- **WORK INSTRUCTIONS**:
Could you repeat, exactly and with no pictures, only the lines from the start of the records through the line containing "ARRAN ROBERT BURNS SINGLE MALT"?

- **PROVIDED MATERIAL**:
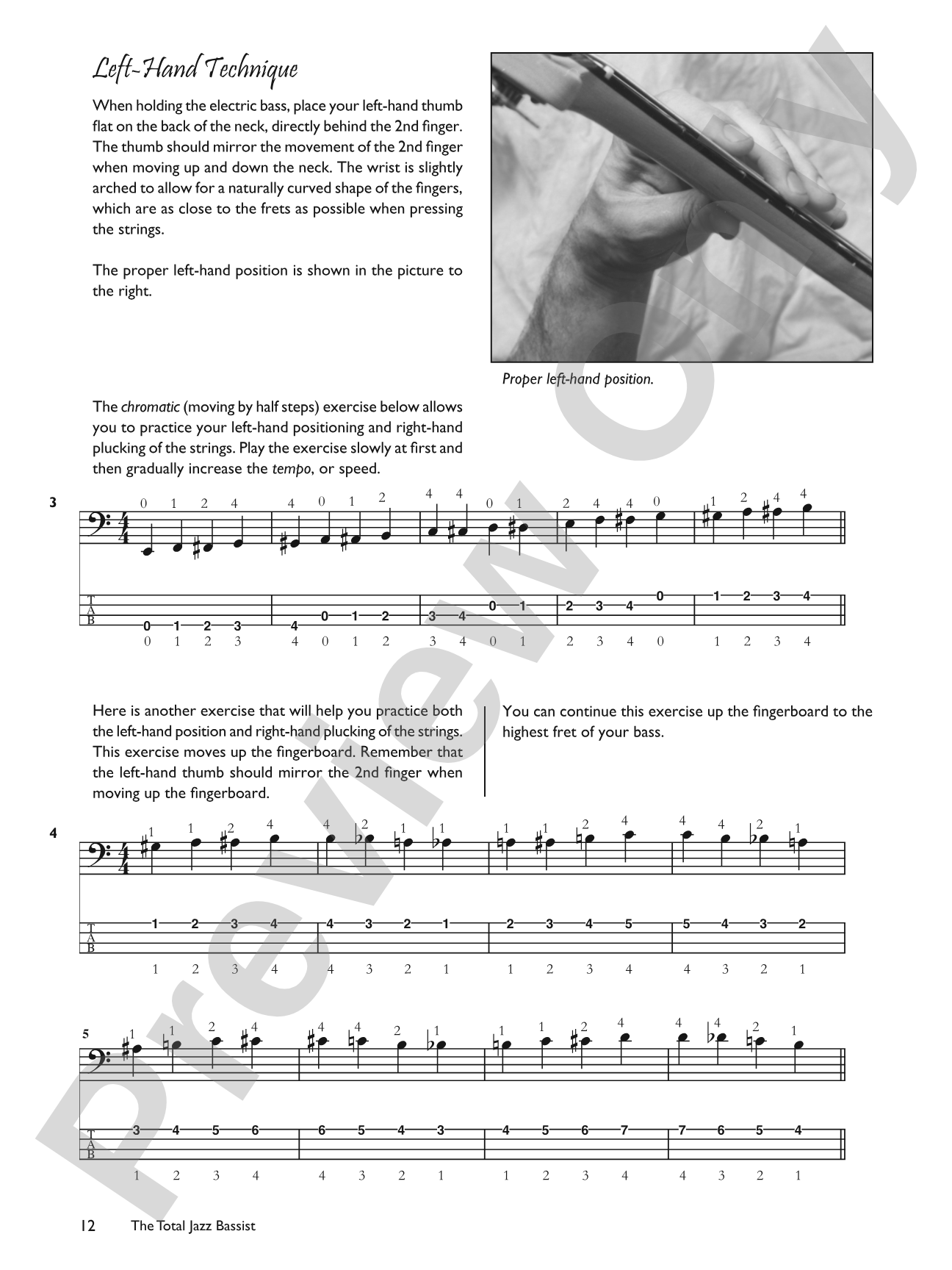 The Total Jazz Bassist: A Fun and Comprehensive Overview of Jazz Bass Playing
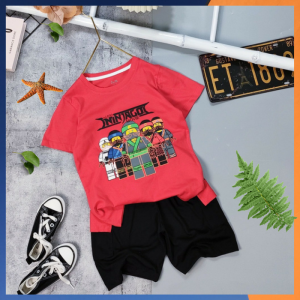 [Nhập RS0822 giảm 30k cho đơn 99k]Đồ Bộ Bé Trai Size 10kg-38kg Thun Cotton Co Giãn 4 Chiều Mềm Mát Hình Khủng Long- Siêu Nhân-1391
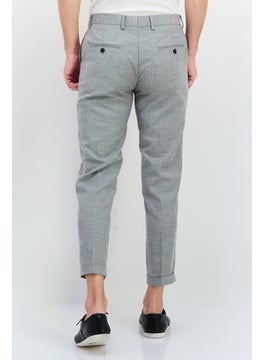 Sorbino Men Regular Fit Textured Dress Pants, Light Grey  - Image 3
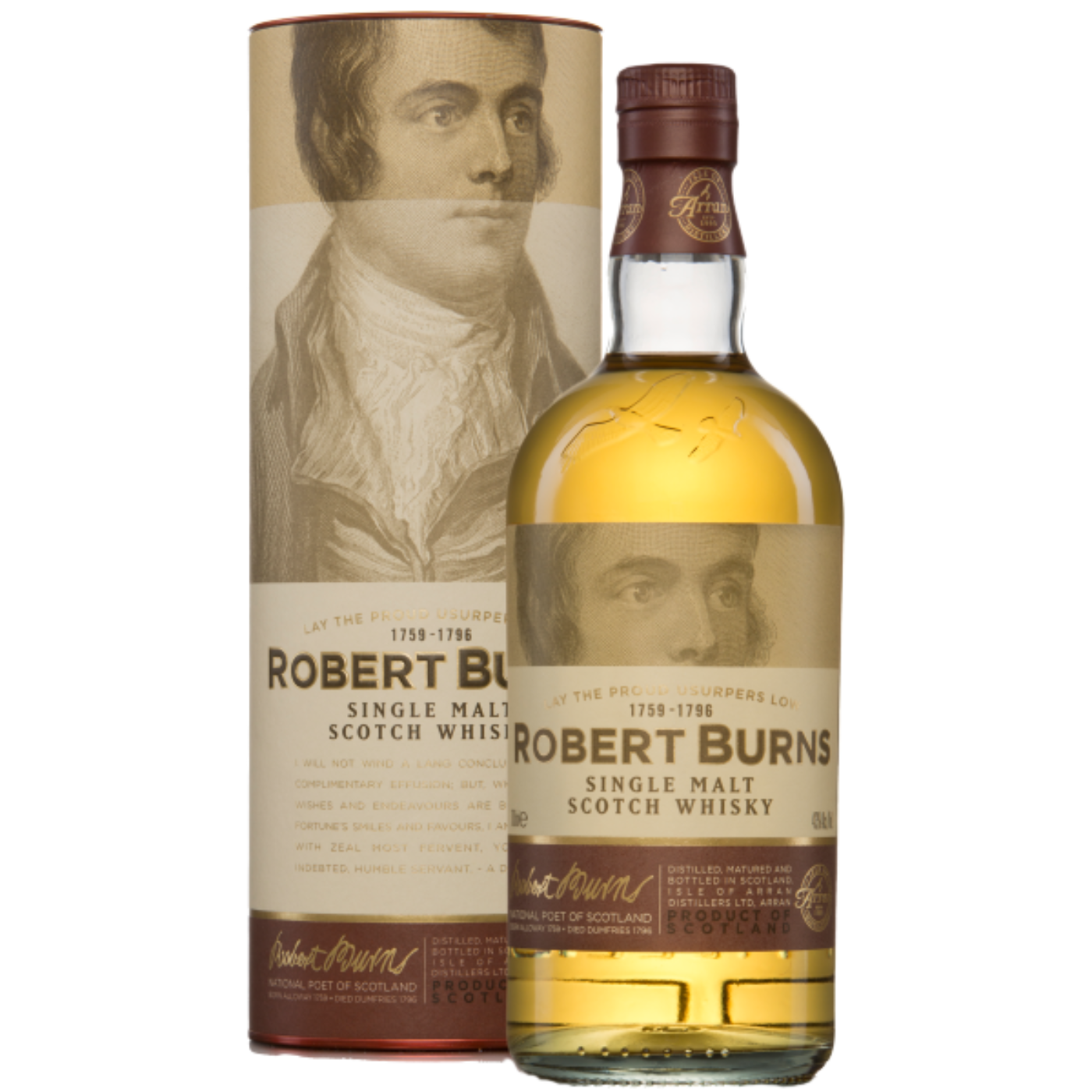 ARRAN ROBERT BURNS SINGLE MALT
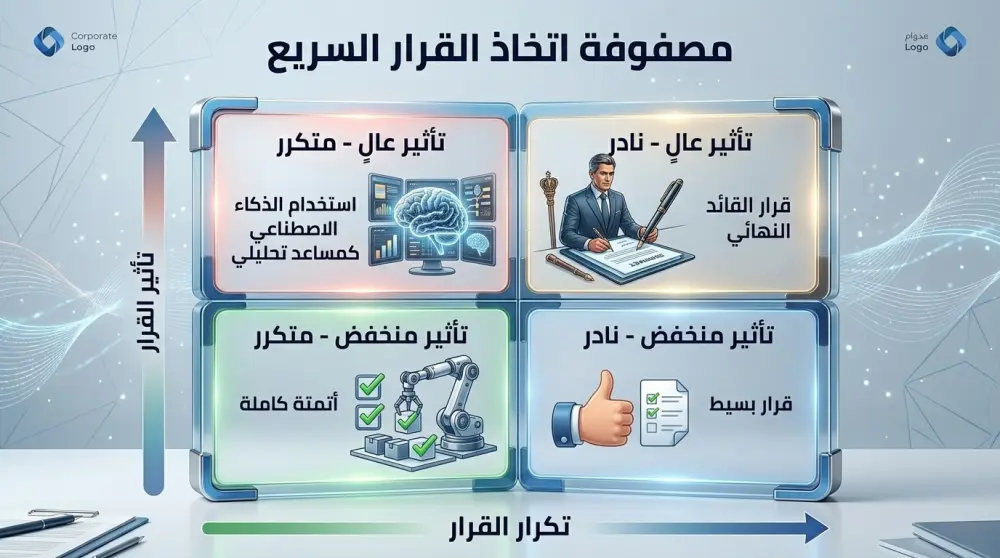 نظام تدريبي متكامل للقادة والمديرين القيادة الذكية: اتخاذ القرار بمساعدة الذكاء الاصطناعي
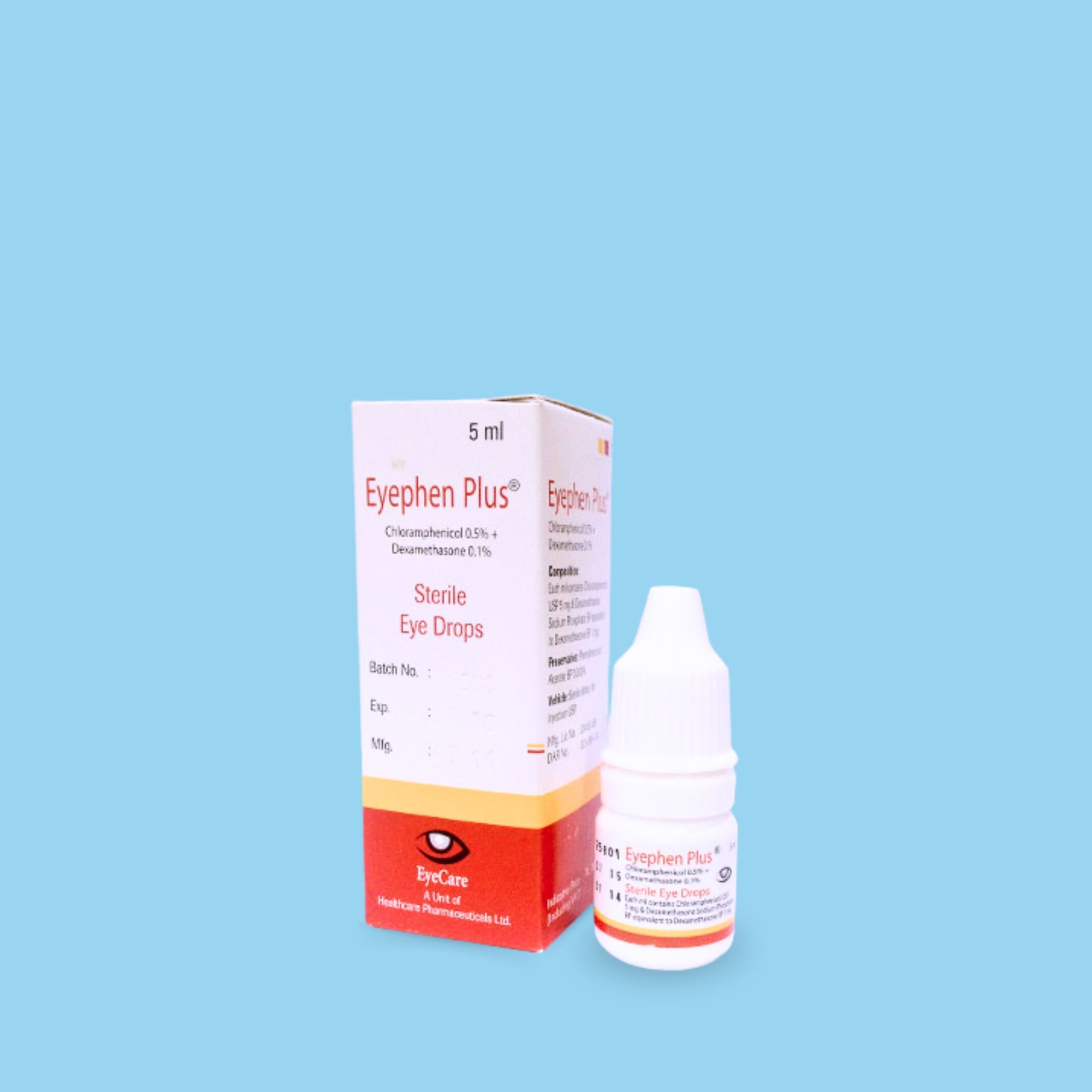 Eyephen Plus 0.1%+0.5% Packaging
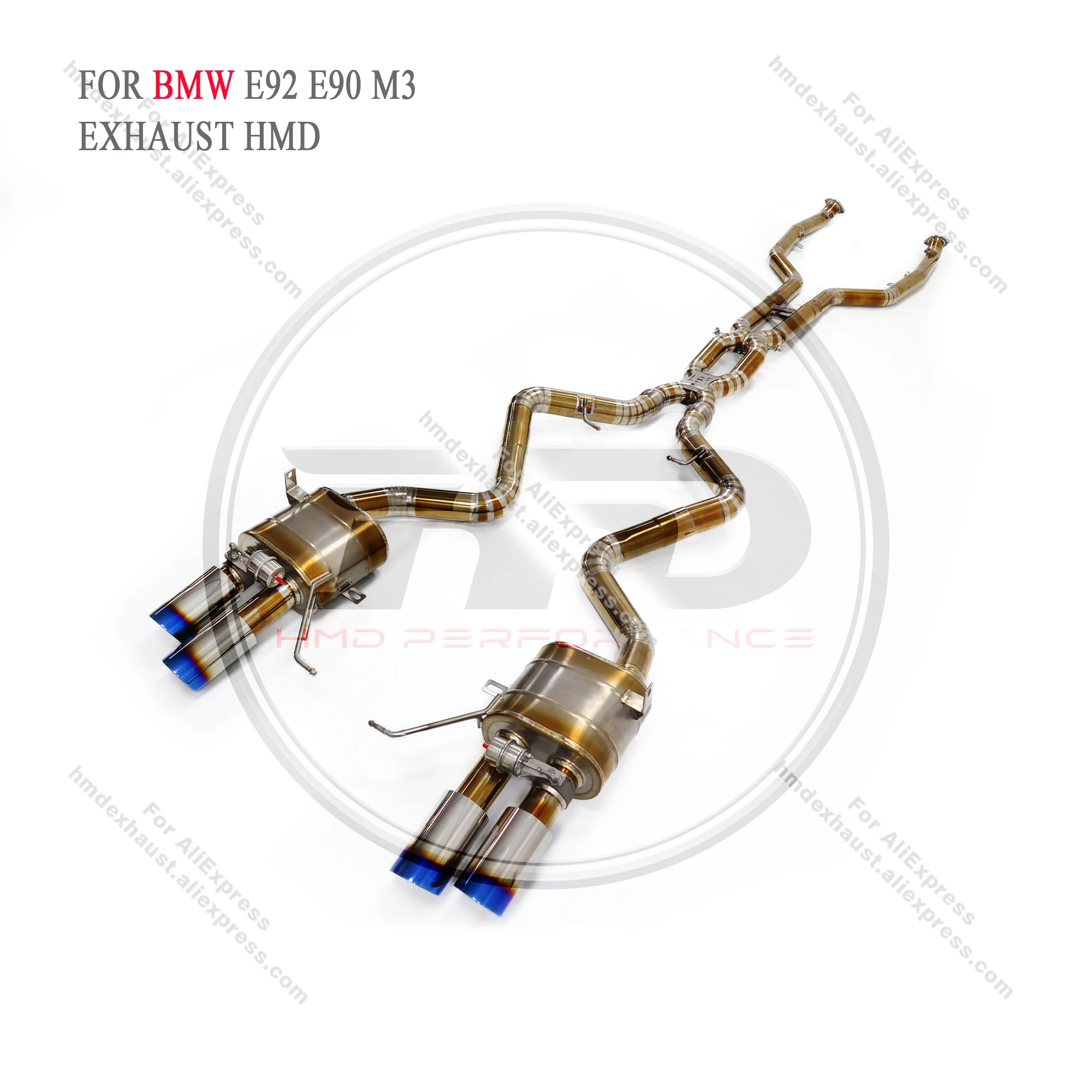 HMD Titanium Exhaust System Performance Catback for BMW E92 E90 M3 Engine Muffler With Valve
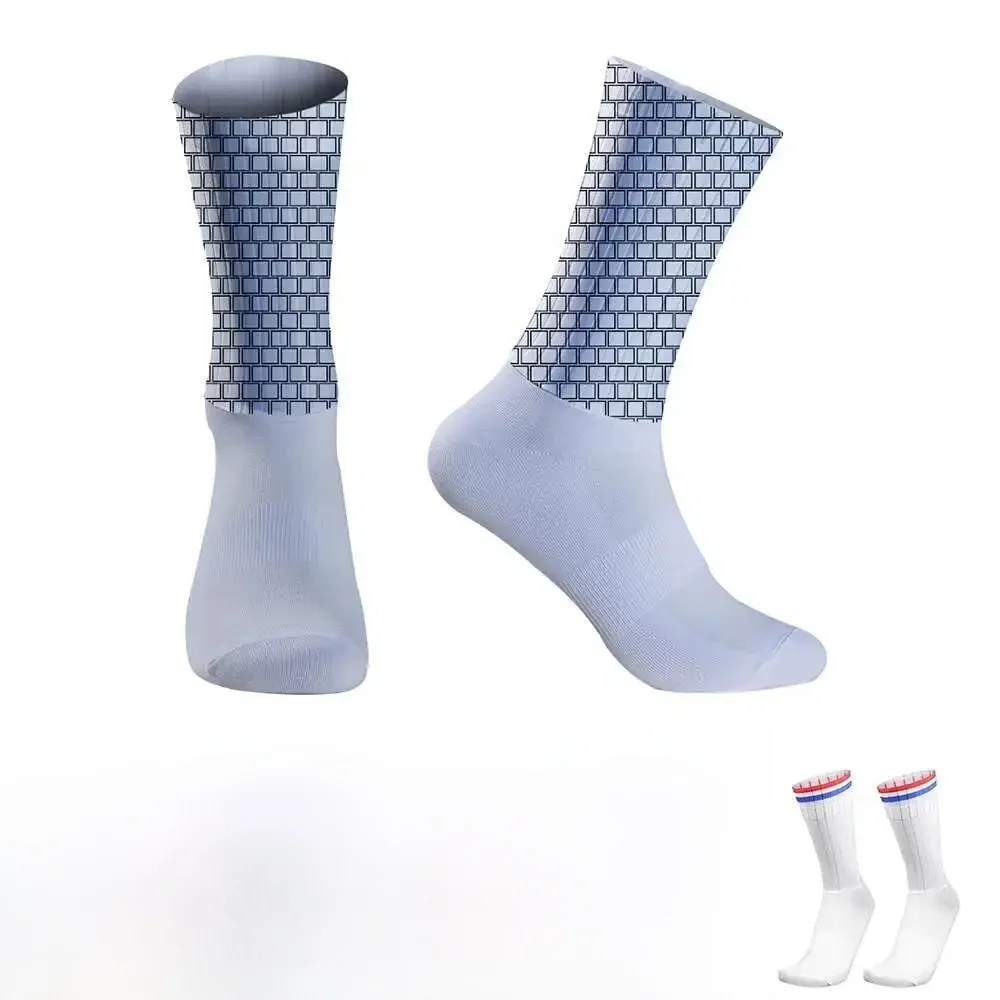 AliExpress NONE 2024 New Sports Cycling Socks Men Professional Aero Silica Gel Bike Socks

- **RESULT OF THE TASK**:
 The Total Jazz Bassist: A Fun and Comprehensive Overview of Jazz Bass Playing
 [Nhập RS0822 giảm 30k cho đơn 99k]Đồ Bộ Bé Trai Size 10kg-38kg Thun Cotton Co Giãn 4 Chiều Mềm Mát Hình Khủng Long- Siêu Nhân-1391
 Sorbino Men Regular Fit Textured Dress Pants, Light Grey  - Image 3
 ARRAN ROBERT BURNS SINGLE MALT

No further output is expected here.